*** Opening of Dataset content ***

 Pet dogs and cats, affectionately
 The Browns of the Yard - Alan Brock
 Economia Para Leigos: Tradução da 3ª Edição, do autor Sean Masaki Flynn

*** Close of Dataset content ***
*** Opening of Dataset content ***

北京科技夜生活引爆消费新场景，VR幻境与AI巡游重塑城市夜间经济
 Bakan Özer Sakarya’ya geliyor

*** Close of Dataset content ***
*** Opening of Dataset content ***

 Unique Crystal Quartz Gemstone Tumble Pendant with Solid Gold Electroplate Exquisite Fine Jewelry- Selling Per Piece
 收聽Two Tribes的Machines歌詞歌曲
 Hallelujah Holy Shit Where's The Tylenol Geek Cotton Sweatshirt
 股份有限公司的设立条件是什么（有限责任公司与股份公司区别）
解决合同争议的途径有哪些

*** Close of Dataset content ***

• _Task statement_:
Find "Unique Crystal Quartz" in the entries above and copy that whole line exactly, then each line after it through the line that contains "解决合同争议的途径有哪些".

• _Task answer_:
 Unique Crystal Quartz Gemstone Tumble Pendant with Solid Gold Electroplate Exquisite Fine Jewelry- Selling Per Piece
 收聽Two Tribes的Machines歌詞歌曲
 Hallelujah Holy Shit Where's The Tylenol Geek Cotton Sweatshirt
 股份有限公司的设立条件是什么（有限责任公司与股份公司区别）
解决合同争议的途径有哪些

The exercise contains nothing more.